**TASK:** Excluding pictures, transcribe precisely the lines from the one containing "Eleganter Redang Liegestuhl" to the final line of the listing below, inclusive, and nothing more.

**MATERIAL PROVIDED:**
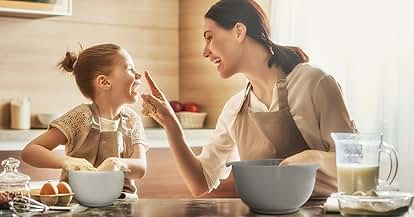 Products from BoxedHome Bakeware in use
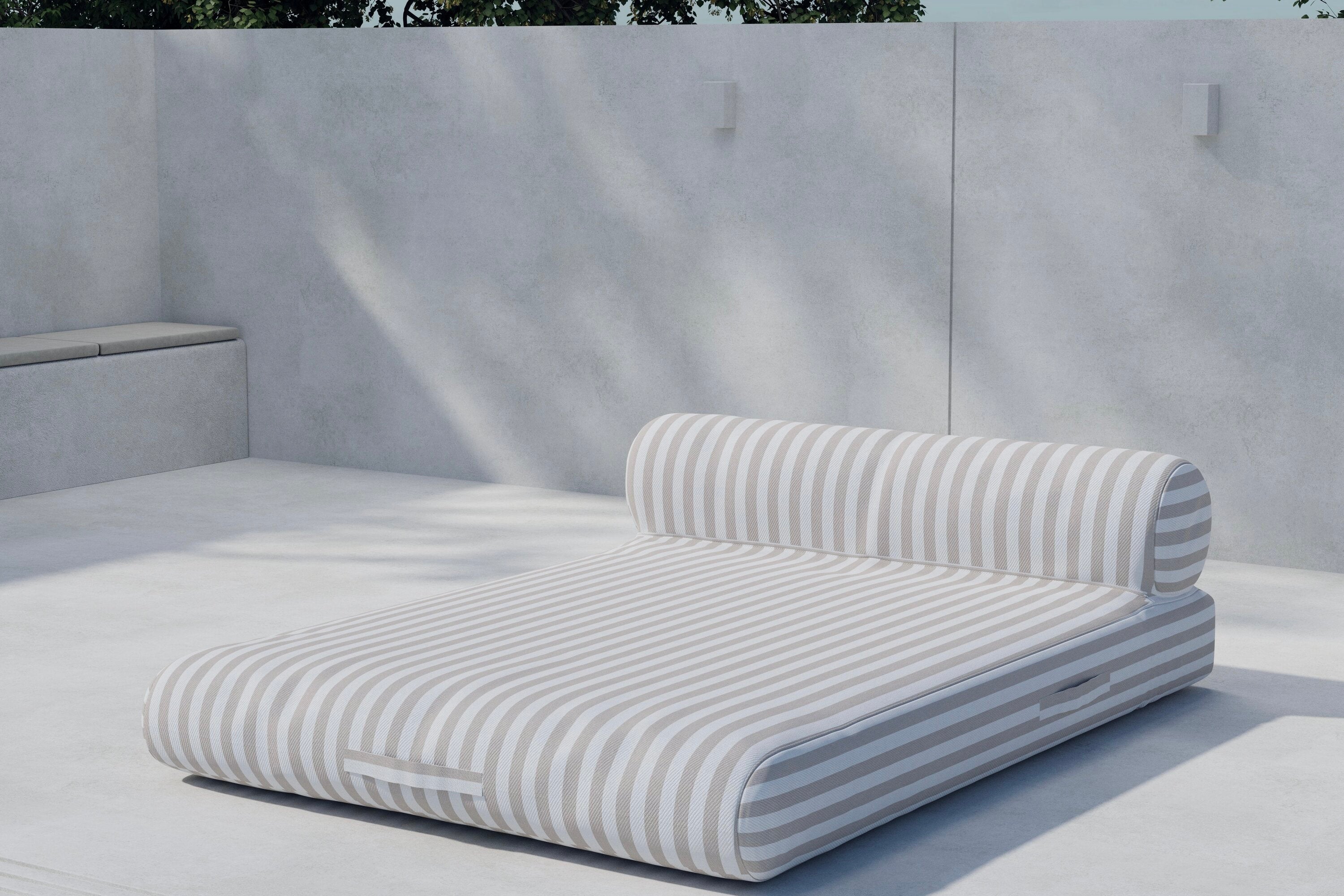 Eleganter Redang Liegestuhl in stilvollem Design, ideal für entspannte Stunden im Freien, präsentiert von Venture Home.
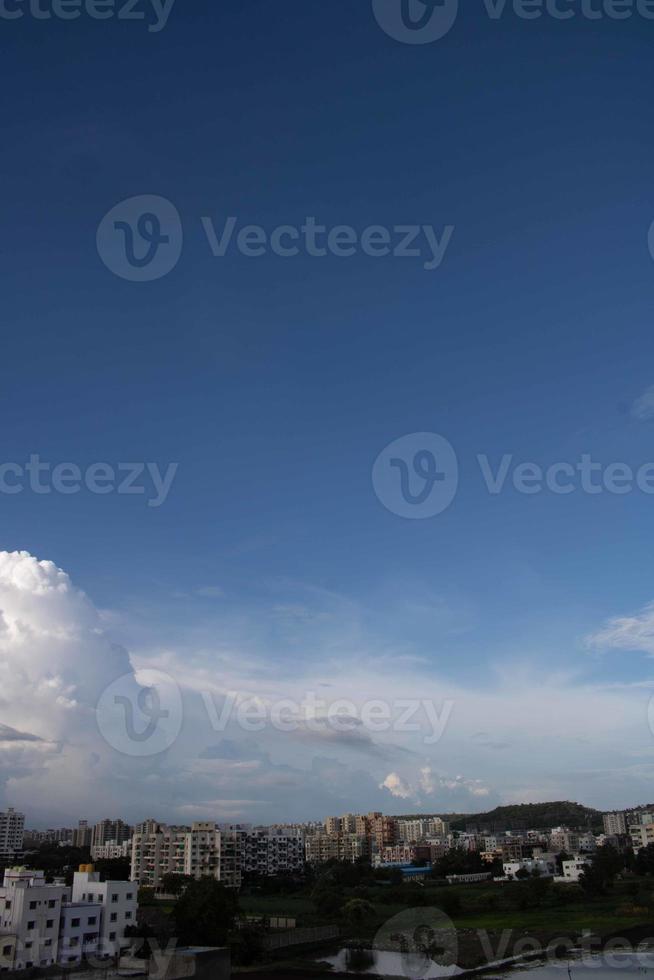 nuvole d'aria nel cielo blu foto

**ANSWER BOX:**
 Eleganter Redang Liegestuhl in stilvollem Design, ideal für entspannte Stunden im Freien, präsentiert von Venture Home.
 nuvole d'aria nel cielo blu foto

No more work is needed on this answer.